III.  DÉCISION FAISANT L’OBJET DU CONTRÔLE

[5]  La SPR a d’abord énoncé les trois conditions énumérées dans le Guide du Haut Commissariat des Nations Unies pour les réfugiés [le Guide du HCR], qui doivent être prises en considération lorsqu’il s’agit d’évaluer si le réfugié s’est réclamé de nouveau et volontairement de la protection du pays. Premièrement, le réfugié doit avoir agi volontairement. Deuxièmement, le réfugié doit avoir accompli intentionnellement l’acte par lequel il s’est réclamé de nouveau de la protection du pays dont il a la nationalité. Troisièmement, le réfugié doit avoir effectivement obtenu cette protection. La SPR a souligné qu’elle n’était pas tenue de suivre les principes directeurs du Guide du HCR, mais elle a reconnu leur utilité et a appliqué les trois conditions au cas du demandeur.

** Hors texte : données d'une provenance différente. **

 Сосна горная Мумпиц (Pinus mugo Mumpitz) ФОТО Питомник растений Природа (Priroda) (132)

[6]  La SPR a conclu que le demandeur avait agi volontairement lorsqu’il a fait une demande de passeport pakistanais auprès du consulat pakistanais à Toronto. Rien ne permettait de prouver que le demandeur avait été obligé d’obtenir un nouveau passeport.

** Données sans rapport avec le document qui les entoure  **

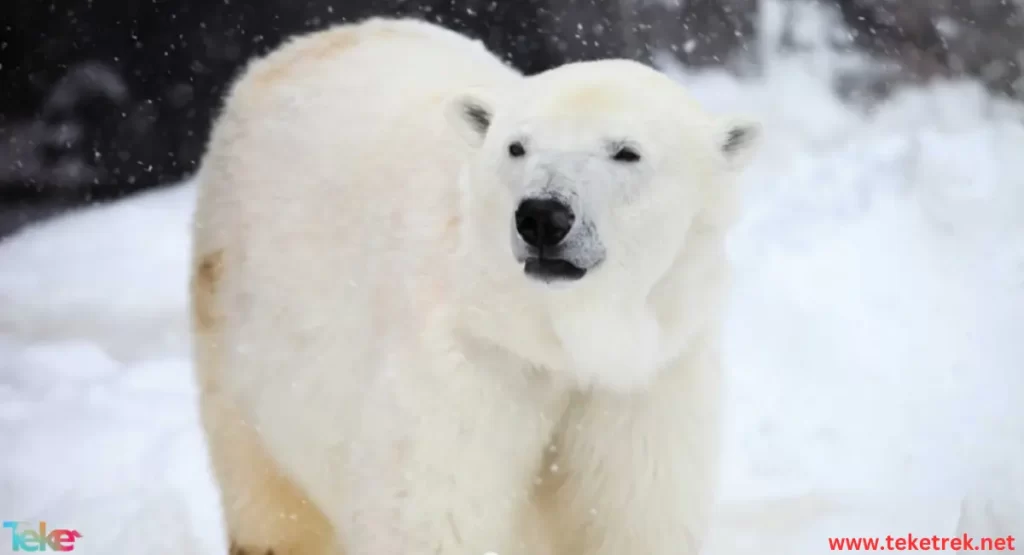 polar bear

[7]  La SPR a ensuite examiné la question de savoir si le demandeur avait accompli intentionnellement l’acte par lequel il s’était réclamé de nouveau de la protection du pays. Constatant que le demandeur avait utilisé son passeport pakistanais pour se rendre aux États‑Unis à deux occasions, la SPR a conclu que le passeport avait été obtenu précisément pour se rendre au Pakistan. De plus, la SPR a jugé que le fait de voyager avec un passeport pakistanais démontre que le demandeur s’est réclamé de nouveau de la protection du pays.

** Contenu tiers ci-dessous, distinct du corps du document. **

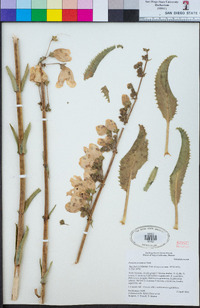 Penstemon eximius image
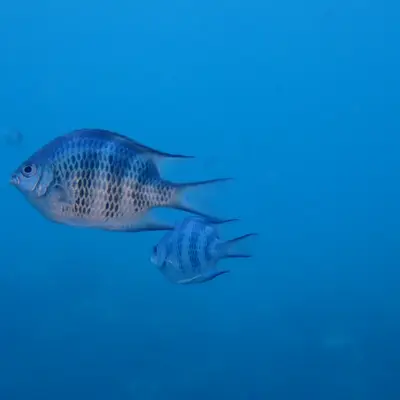 Poisson sergent-major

[8]  La SPR a évalué l’explication du demandeur selon laquelle il s’était rendu au Pakistan pour régler une question de retraite avec son ancien employeur et qu’il devait retourner au Pakistan pour résoudre un différend relatif à une propriété. La SPR a conclu qu’aucune disposition ne permet à des réfugiés de retourner dans leur pays d’origine pour des raisons financières ou en raison de différends concernant des biens.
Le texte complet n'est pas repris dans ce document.